La fiesta de hoy nos recuerda a todos, el
olor a incienso, las flores, el palio que llevan hombres serios, y el sacerdote
reverente con los ojos clavados en la hostia que lleva metida en la custodia,
que parece un sol con sus rayos de oro.
Es la gran fiesta del Cuerpo y de la Sangre
de Cristo.
La Iglesia en estos días que siguen a la
Pascua, nos va entresacando los misterios más bellos que hemos vivido durante
ella. Quiere que los adoremos y agradezcamos. Algunos de ellos son: la Santa
Trinidad que nos ha dado todo, Cristo sumo y eterno Sacerdote, el Sagrado
Corazón de Jesús y el Cuerpo y Sangre de Cristo que celebramos hoy:
Bajo las especies de pan y vino, granos
molidos y uvas exprimidas, está Jesús después de la consagración. Así de
simple:
Está Jesús con su Cuerpo glorioso, su Alma
bendita y su Divinidad de Hijo de Dios:
¡Es nuestra fe!
El
prefacio
Nos recuerda cómo el Señor, “al instituir el sacrifico de la eterna
alianza, se ofreció a sí mismo como víctima de salvación”.
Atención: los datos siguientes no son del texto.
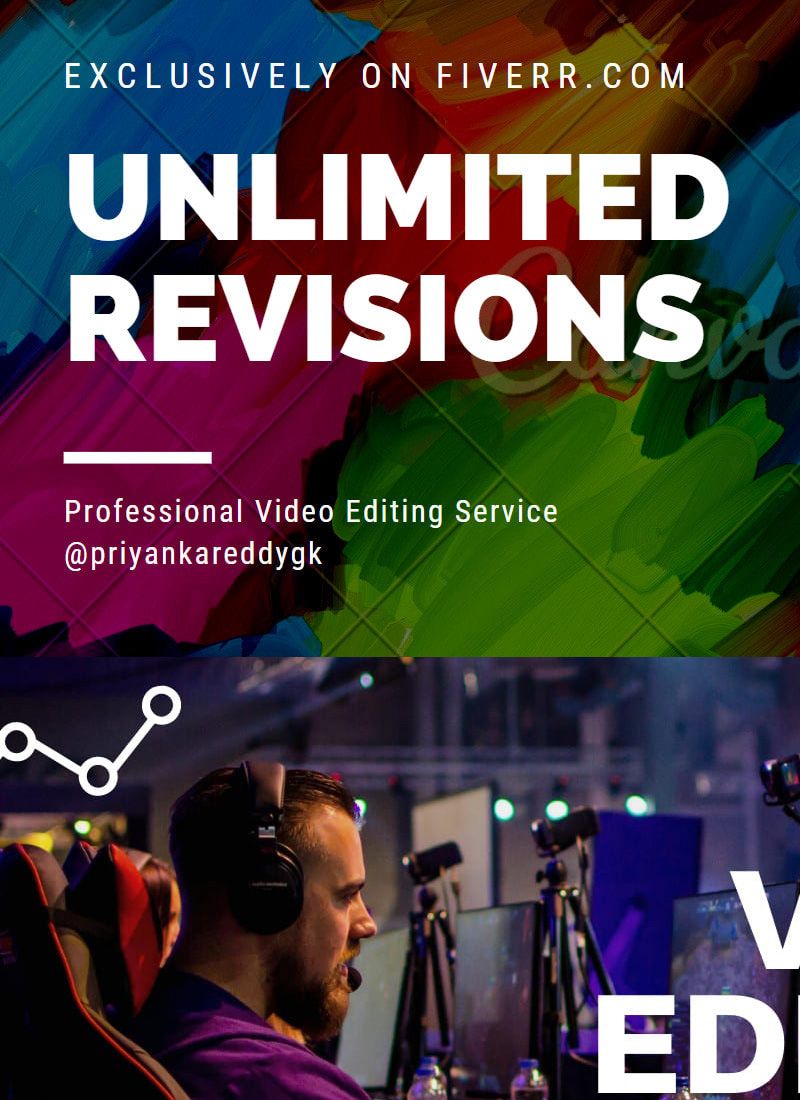 video editor service on i will professionally edit your videos within few hours video editing you videos video editor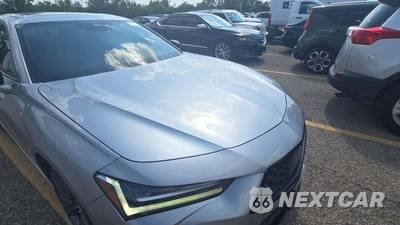 2021 Acura TLX Base - zdjęcie 21 z 23 - miniatura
En el Antiguo Testamento hubo una alianza
de Dios con Moisés. Se selló con sangre de animales y hubo una ley, el Decálogo,
que todos conocemos.
Esta fue la primera alianza.
Ahora hay un sacerdote nuevo, una ley nueva
(“mi mandamiento”) y una víctima nueva que ya no es sangre de
animales sino la Sangre santísima de Jesús, ofrecida en la cruz de una vez para
siempre.
Con su sangre comienza una alianza nueva
entre Dios y los hombres.
Es la alianza profetizada varias veces en
el Antiguo Testamento. Una “alianza nueva
y eterna”.
Para que se perpetuara, Jesús Sumo y Eterno
Sacerdote pidió que los apóstoles y sus sucesores ofrecieran la misma víctima
muchas veces:
“Hagan esto en
memoria mía”.
Con ese sacrifico la Carne de Cristo se
convierte en verdadera comida y su Sangre es la bebida que nos santifica. Su
Cuerpo y su Sangre son la prenda segura de nuestra salvación.
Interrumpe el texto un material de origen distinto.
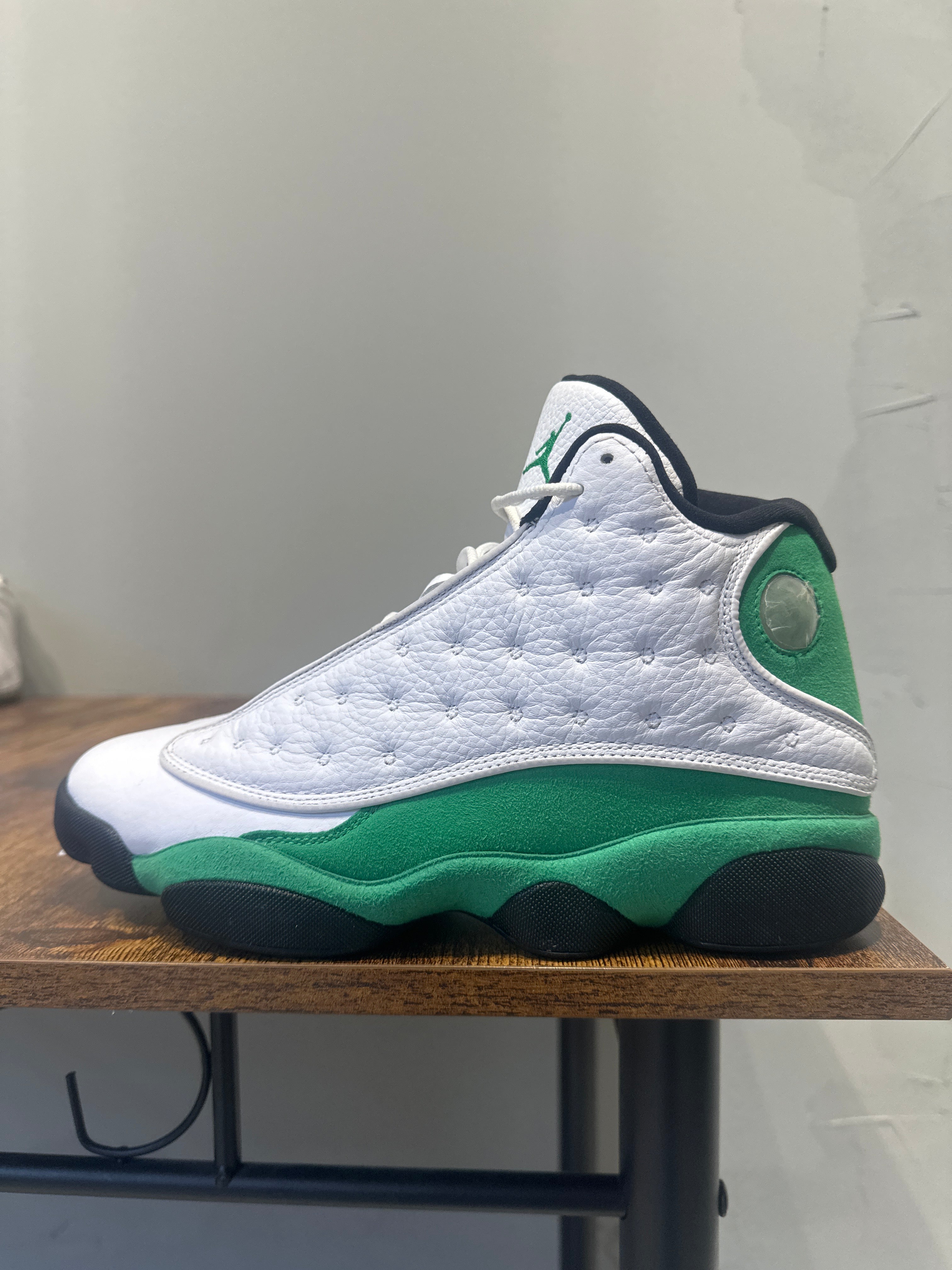 Air Jordan 13 "Lucky Green" (Pre-Owned)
Nos salvamos si comemos la Eucaristía:
“El que come mi Carne
y bebe mi Sangre, tiene vida eterna y yo lo resucitaré el último día”.
La
primera lectura
Hace alusión al maná que Dios regaló a los
Padres en el desierto.
Y si bien algunos a veces se sintieron “hastiados por aquel pan sin cuerpo”, la
Tradición nos enseña que el maná sabía a cada uno según aquello que deseaba
comer.
Cuando hacemos la bendición del Santísimo
Sacramento recordamos el don del maná al decir:
“Les diste pan del
cielo que contiene en sí todo deleite”.
San
Pablo
El apóstol recuerda a los Corintios que en
la Santa Misa “el cáliz de bendición que
bendecimos es la comunión con la Sangre de Cristo y el pan que partimos es
comunión con el Cuerpo de Cristo”.
Según Pablo el fruto de la comunión que
compartimos los cristianos tiene que ser la unidad y así, “aunque somos muchos formamos un solo cuerpo, porque comemos todos del
mismo pan”.
Evangelio
El Evangelio nos lleva una vez más a la
sinagoga de Cafarnaúm.
Allí Jesús hace la gran promesa que
escandaliza a los fariseos y que, medio a ciegas, aceptan los apóstoles.
Los primeros dicen “dura es esta doctrina”.
Y los segundos, con Pedro, dicen: “Tú tienes palabras de vida eterna”.
Meditemos nosotros la valiente promesa de
Jesús (valiente porque le costó la vida):
“Os aseguro que si no
coméis la carne del Hijo del hombre y no bebéis su Sangre, no tendréis vida en
vosotros”.
Muchos cristianos no comulgan y la Iglesia
ha tenido que ponernos una obligación: comulgar al menos una vez al año “por
Pascua florida”.
¿Cómo es posible esto?
¿Hemos perdido la fe en el gran regalo de
Jesús, la Eucaristía?
Amigos, comulguemos siempre que podamos y
sigamos también las santas tradiciones de la Iglesia, como son: las procesiones
del Santísimo Sacramento, la visita y adoración a Jesús Eucaristía.
Jesús en la Eucaristía es la luz que
ilumina nuestro camino hacia el corazón de Dios.